The male bumble bee develops from an unfertilized egg. In other words, denied sperm an egg paradoxically yields a male. Fatherless male offspring is one of those peculiar twists that makes the Hymenoptera so interesting. Both the queen and her sisters can produce eggs, but only the queen has mated and produces fertilized eggs which develop into the females of the nest. The sperm from her nuptial flights is held in a special organ, and the eggs are fertilized as they are laid, or not in the case of males. Typically, the males appear towards the end of the colony's existence and may have hatched from an egg laid by either the queen or one of her daughters.

Despite their aimless flight pattern and endless tousling with their brethren, the males are ever alert for the emergence of a newly hatched queen, or gyne as entomologists call her, and the opportunity to mate with her. Apparently, the males identify her by sight not a chemical cue, which may explain why a hapless swallow-tail passing through earlier this week found itself mobbed by amorous bumblebees. Discovering this lek of bees, we shared with the males a keen interest in seeing the queens emerge, pausing to survey the area as we passed at various times during the day. The nest is in an old mouse hole in the heavily travelled lane between the blackberry fields.
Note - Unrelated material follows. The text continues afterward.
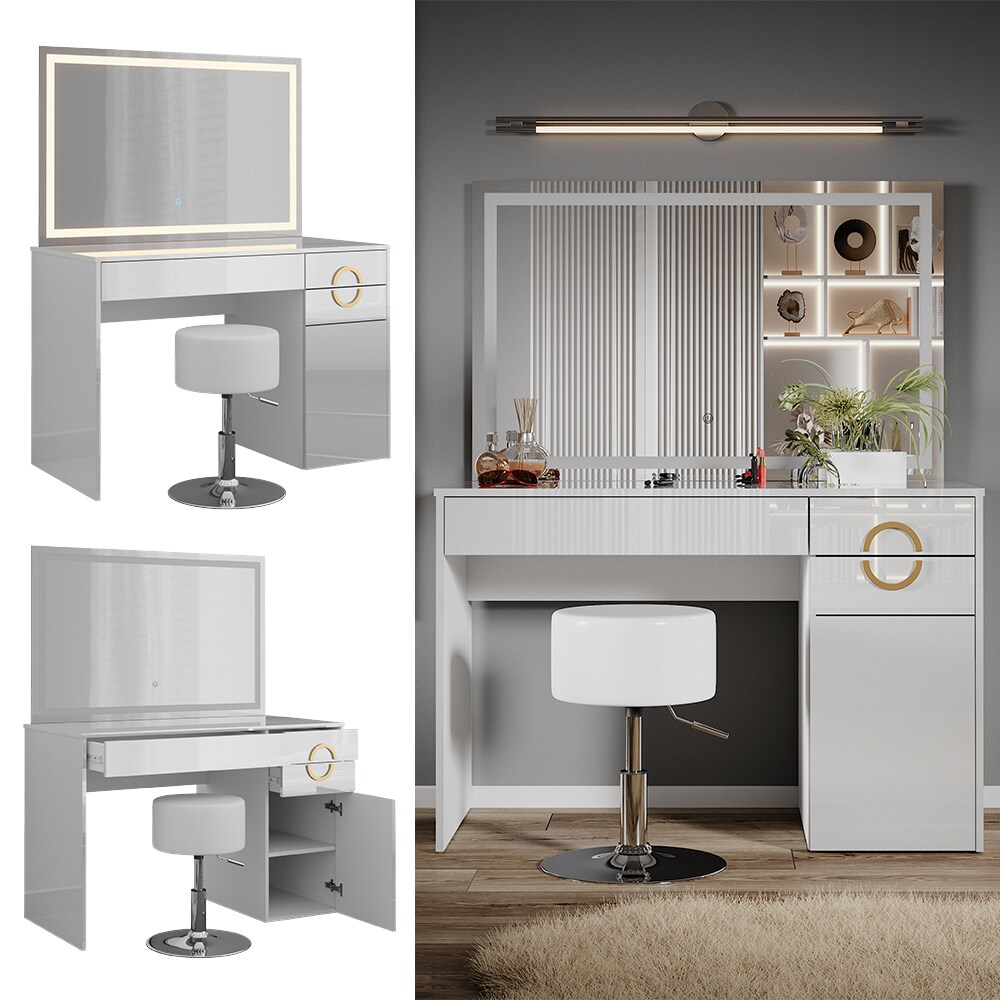 Vicco Schminktisch Adela Wei&szlig; Hochglanz, 115 x 76,4 cm mit LED-Spiegel, Hocker 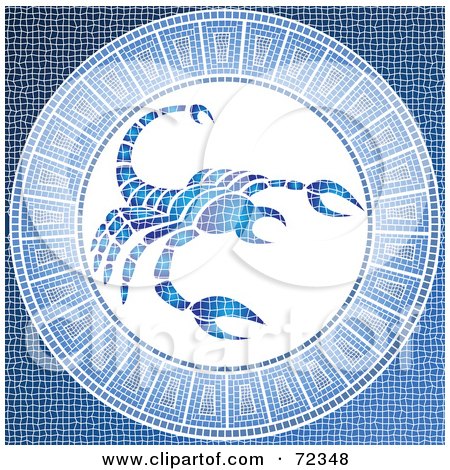 Royalty-Free (RF) Clipart Illustration of a Blue Scorpio Horoscope Mosaic Tile Background by cidepix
Monday the show began.

The new queens are genetically the same the worker sorority; there is no special queen gene. They are raised in larger wax vessels than the workers, and they are fed more food during the larval stage. In order to survive the winter and a summer of laying eggs, a more robust body is needed. After emerging from their pupae, these large females linger in the nest and fatten up for a few days. They emerge from the nest, mostly individually, groom themselves and then take flight. In seconds, the males converge upon her and, in a airborne scrum, try to do the honors. Once a coupling occurs, the surplus males drift back to their posts and the job is finished on the ground. After mating, the queen quickly seeks shelter. She mates more than once and, well provisioned with sperm, she will spend some time building her fat reserves for the winter hibernation. If all goes well, she will emerge from her hibernation lair in the spring and start a new colony.

We have at least four bumblebee species on the farm. The white-shouldered, black tailed, yellow-faced and the brown-belted – the latter are the queens emerging this week. The scientific name is Bombus griseocollis and translates into "bumblebee with a pearl-grey neck," probably referring to a fine line of hairs that encircle the neckline of the females. The brown belt of the English name refers to a distinct band of brown hairs on second abdominal section of the males, just behind the wings. The newly emerged gyne is very beautiful. Her coat is much lighter than the male's or worker's. Interestingly, the male brown-belted bumblebees darting about are not merely callow Lotharios; it is one of four bumblebee species where the males actually assist in the nest by incubating the brood, an important task.

The bumblebees can be difficult to identify, prompting one entomologist to call them "morphologically monotonous." The key distinguishing characteristic are differences in the male genitalia, perhaps prompting this observation. Fortunately overall appearance is sometimes enough and Rich Hatfield at the Xerces Society identified the bee for us from a photo. Xerces is based in Portland, and is internationally recognized for its efforts at invertebrate conservation. They have produced many useful publications, both print and on-line, and issue a quarterly magazine called Wings. Xerces is a very important and well-run organization.